34. This is where the dogs were being prepared for space investigations. Quite logical that a monument of Laika, the first space dog, who became a victim of Khrushchev’s space ambitions, was erected in 2008 here. When the dog was sent to the space, its’ spaceship didn’t have any landing system and the animal died in space.
35. Entrance to one of the new institute blocks.
36. The mall on the other side of the street is built in constructivist style.
37. “Dinamo” football arena is also located on the other side. We’ll talk about the legendary stadium a bit later.
38. House number 8 is decorated with a memorial tablet in memory of sculptor E.F.Belashova, who is known as the creator of N.K.Krupskaya monument in Sretensky boulevard in Moscow and A.S.Pushkin monument in Pushkinskie Gory.
39. Severe residential buildings, that are located in the beginning of the avenue, were definitely constructed in 1920s. Their walls are decorated with memorial tablets of I.E.Grabar, U.I.Pimenov, S.V.Gerasimov.
40. This is a block of houses, designed by architect L.I.Saveliev for Association of Artists of Russia. The project was evaluated as unsatisfying before it was even finished, and A.V.Shchusev had been fixing it.

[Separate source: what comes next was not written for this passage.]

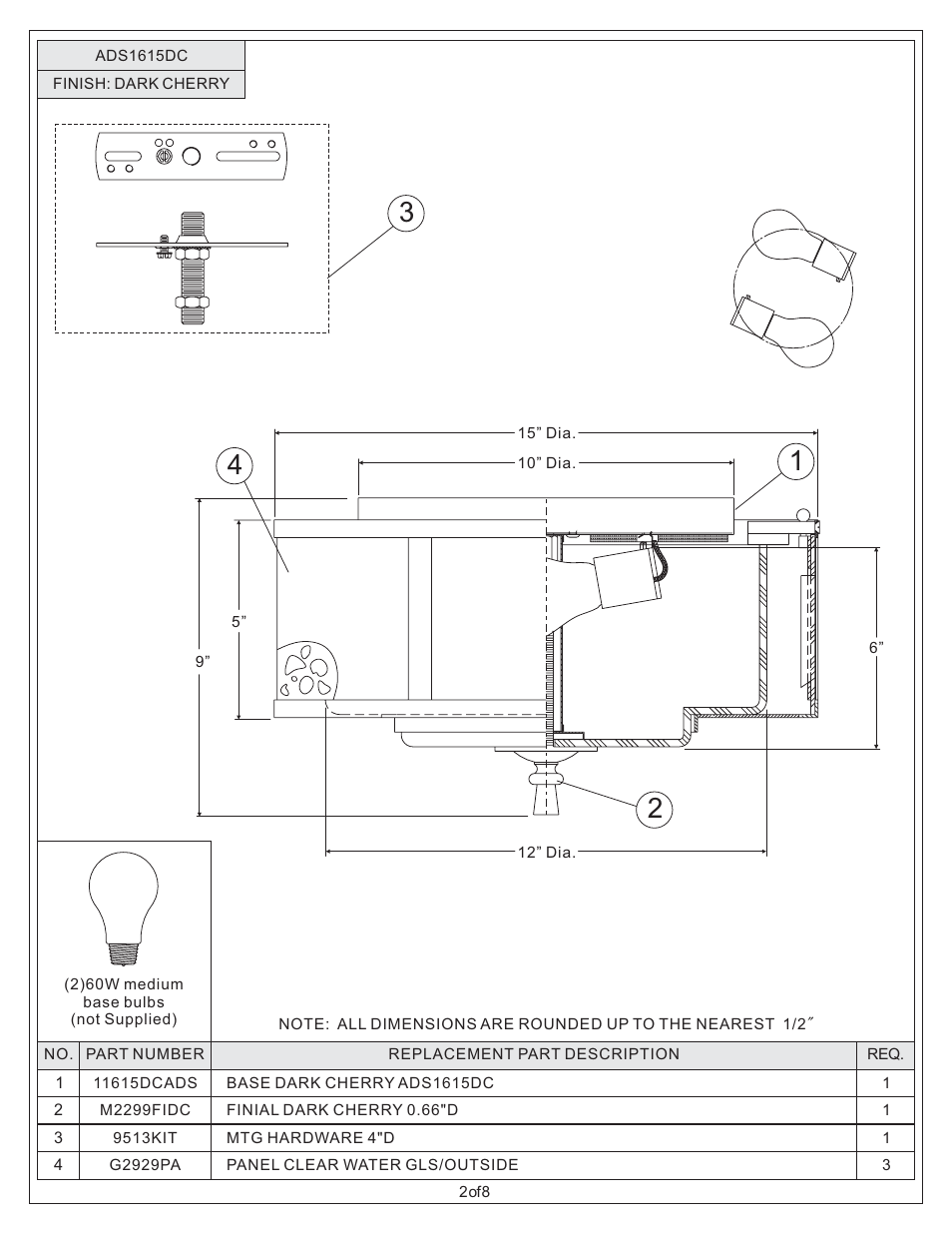 Quoizel ADS1615DC Adonis User Manual | Page 2 / 8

However, the project was realized only partially.
41. The block had letter notation. “Zh” block was finished first: in 1929-1931. Burned-out blocks of “Mezhrabpomfilm” film studio were located here before.
42. You can find description of this house in U.Trifonov tale “Mark Shagalov visit”.
43. “A” and “B” blocks’ construction started in 1933 and 1934 respectively. Arc, that had to connect two houses, disappeared from the project.
44. The last block, named “V”, was finished only in 1957 in absolutely different style.
45. Monumental facades of the house with huge workshop windows are decorated with thematic bas-reliefs.
46. The kindergarten entrance has a corresponding design.
47. Boulders, which are lying near the doorways, are stuff for sculptors, living in this house.
48. Unity of for houses was recognized as an object of cultural heritage of regional significance in 2008.
49. There is Third Ring Road behind the Artist town on Novaya Bashilovka.
50. We’ve found an old rusty Moskvitch 400, which used to be an advertisement of a car wash.
51. While moving to metro, let’s take a look at “Dinamo” – one of the main stadiums in Moscow.
52. The stadium was built in 1928 by A.Y.Langman and L.Z.Cherikover project. It became a cult place soon.
53. In the beginning tribune was horseshoe-shaped and could contain 20 thousands of viewers. The football ground was rounded by cycle and motorcycle tracks.
54. East tribune closed the ring in 1936 and the track was terminated. The field was lifted down on a few meters. The photo shows not the kitchen-garden, organized there at war, but the preparation for the competition in 1941. At war time the stadium was disguised from hostile aviation by a spruce grove, which was planted over it.
55. The stadium was used in Olympic football tournament in 1980. Only a tiny part of it remains today. I’ve visited the demolition of the stadium: http://deletant.livejournal.com/29088.html
56. Halls of “Dinamo” metro station are placed near the west tribune. That’s where the circle of today’s excursion closes.